To calculate the distance the car moves in the 2.5 seconds starting from when the driver sees the deer, we need to break down the motion into different stages.
1. Calculate the initial velocity of the car:
The car is moving at 95 km/h, so we need to convert it to m/s.
95 km/h = 95,000 m/3600 s ≈ 26.39 m/s
2. Calculate the elapsed time during the first stage (before the brakes are applied):
The driver takes 0.50 s to move his foot towards the brake pedal.
3. Calculate the time taken to slow down the car:
The brakes cause a net force of 2400 N on the car for 2.0 s.
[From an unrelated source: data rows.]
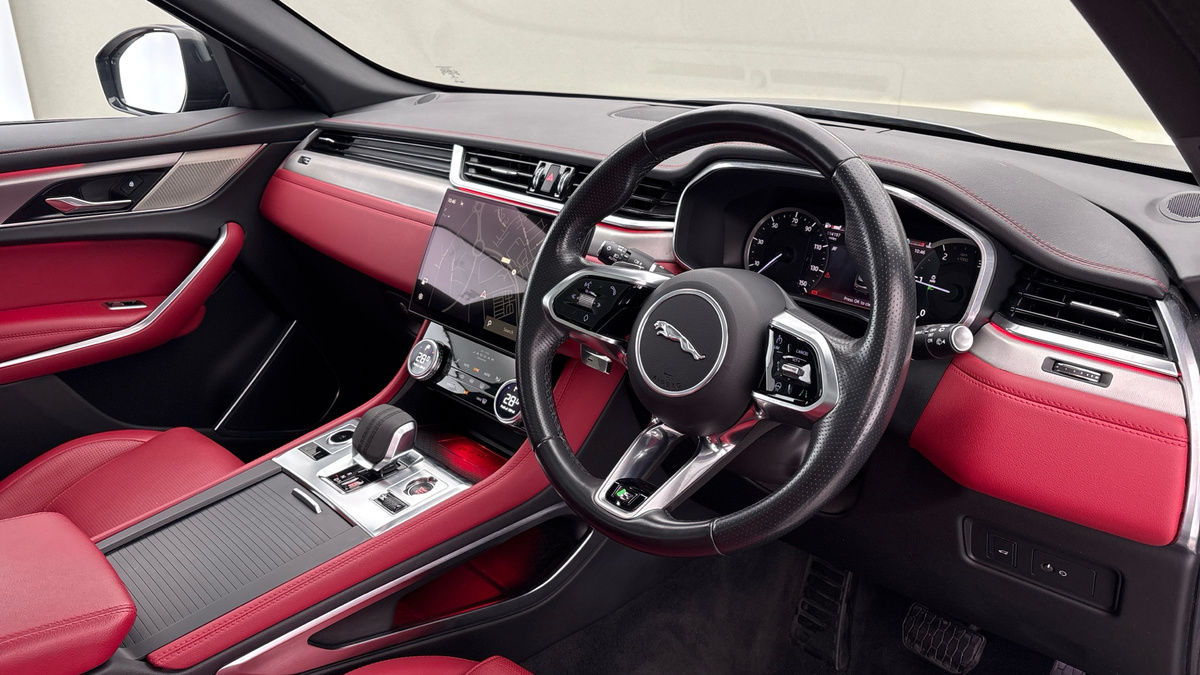 Jaguar F-PACE Image 5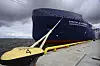 Stor blå LNG-tanker med navnet Christophe de Margerie ligger til kai ved en betongkai.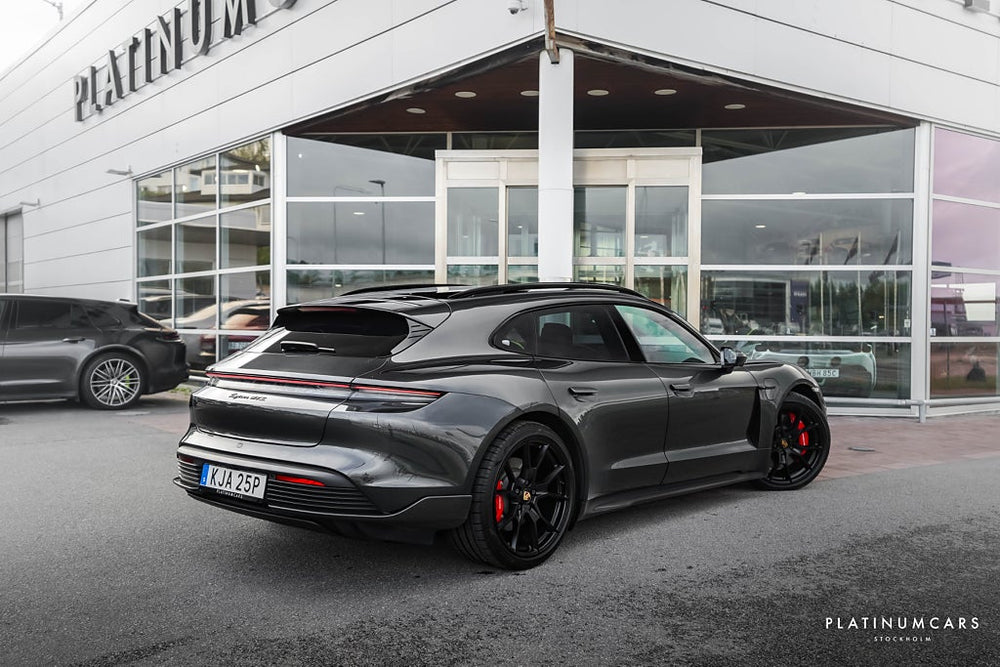 Porsche Taycan GTS Sport Turismo / SportDesign Carbon / Sv.Såld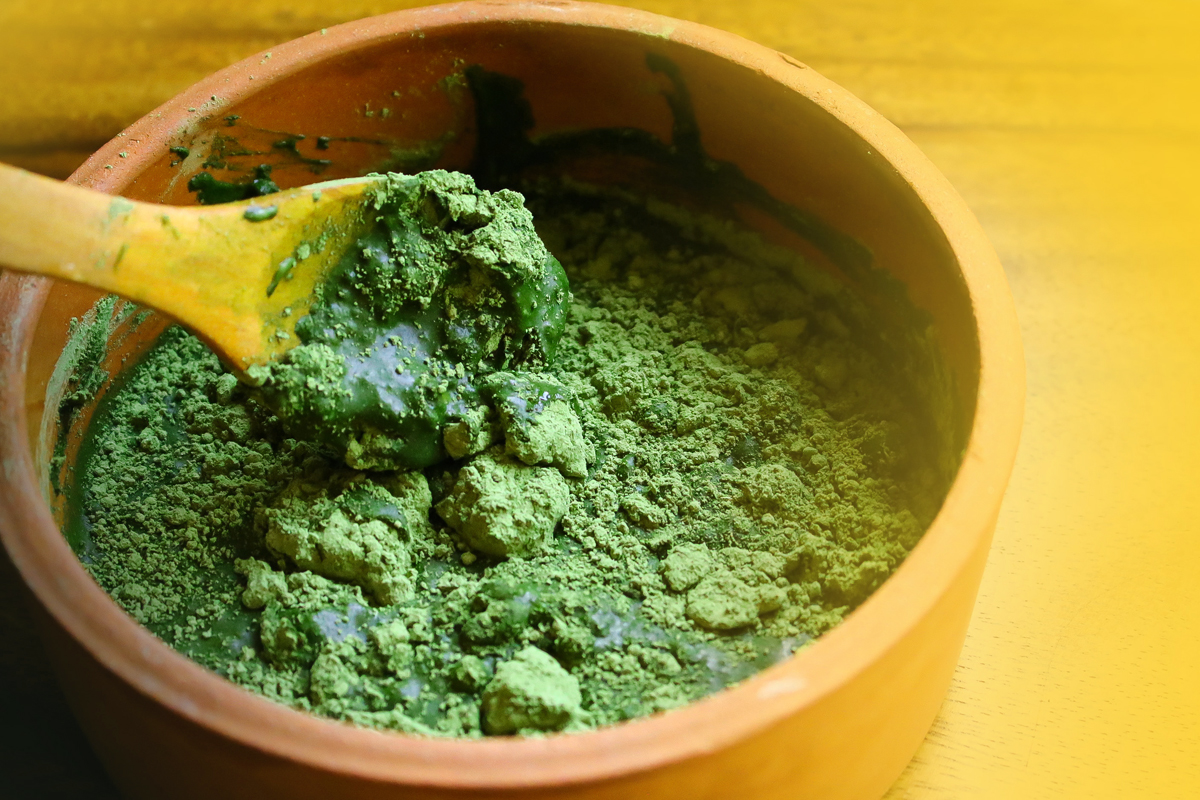 Impacco per capelli alla spirulina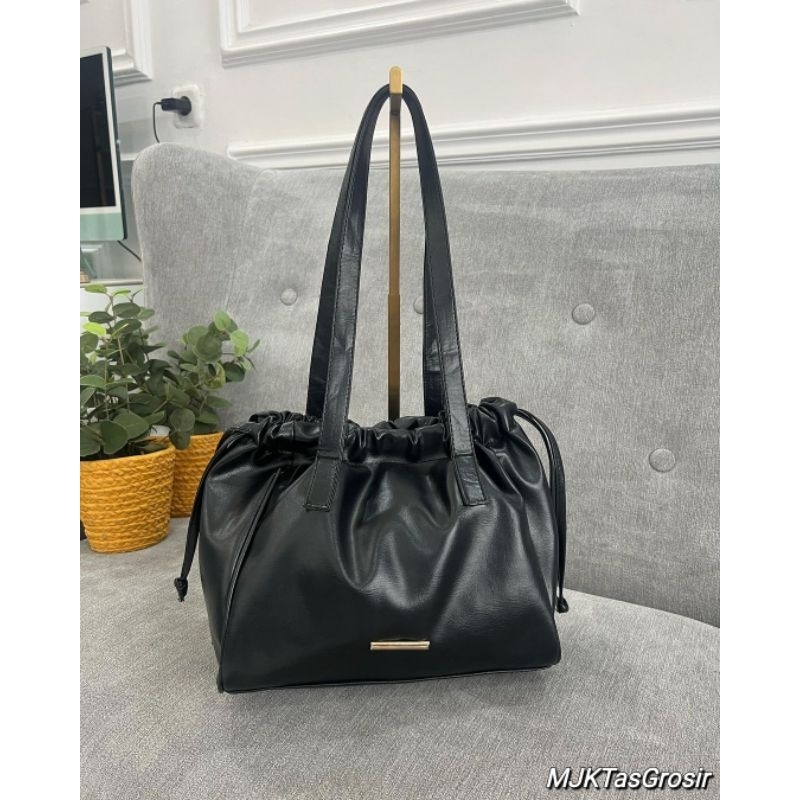 Tas Totebag Wanita Kulit Premium Motif Polos Serutan Magnet Hitam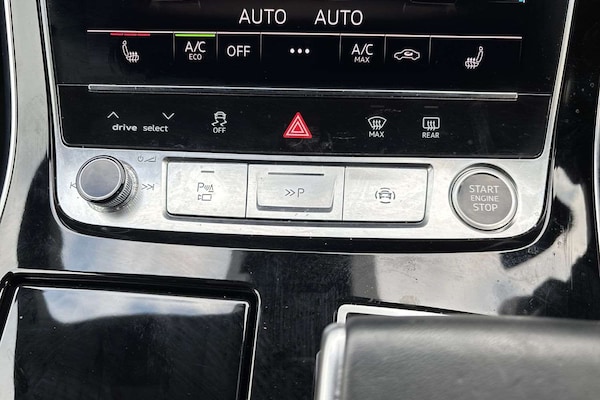 Used Audi Q8 2021 for sale - 76022422: Photo 29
4. Calculate the acceleration of the car:
Using Newton's second law, F = ma, we can rearrange the equation to find the acceleration, a = F/m.
a = 2400 N / 1200 kg = 2 m/s²
5. Calculate the deceleration distance:
Using the kinematic equation, v² = u² + 2as, where v is the final velocity (0 m/s), u is the initial velocity (26.39 m/s), a is the acceleration (-2 m/s² as it is in the opposite direction), and s is the distance to be calculated.
0² = 26.39² + 2(-2)s
0 = 696.48 - 4s
4s = 696.48
s = 696.48 / 4
s ≈ 174.12 m
6. Calculate the time taken for the deceleration:
Since the brakes are applied for 2.0 seconds, this is the time taken for deceleration.
7. Calculate the distance covered during deceleration:
Using the equation s = ut + (1/2)at², where u is the initial velocity (26.39 m/s), t is the time taken for deceleration (2.0 s), and a is the acceleration (-2 m/s²), we can calculate the distance covered during deceleration.
s = 26.39 * 2 + (1/2) * (-2) * (2^2)
s = 52.78 - 2
s = 50.78 m
8. Calculate the distance covered during the final 0.5 seconds:
The car slows down for 2.0 seconds, so it remains at rest for the remaining 0.5 seconds.
As it is at rest, the distance covered during these 0.5 seconds is 0.
9. Calculate the total distance covered:
The total distance covered is the sum of the distances covered during the deceleration and the final rest period.
Total distance = 174.12 m + 50.78 m + 0 m
Total distance ≈ 224.90 m
Therefore, the car moves approximately 224.90 m in the 2.5 seconds starting from when the driver sees the deer.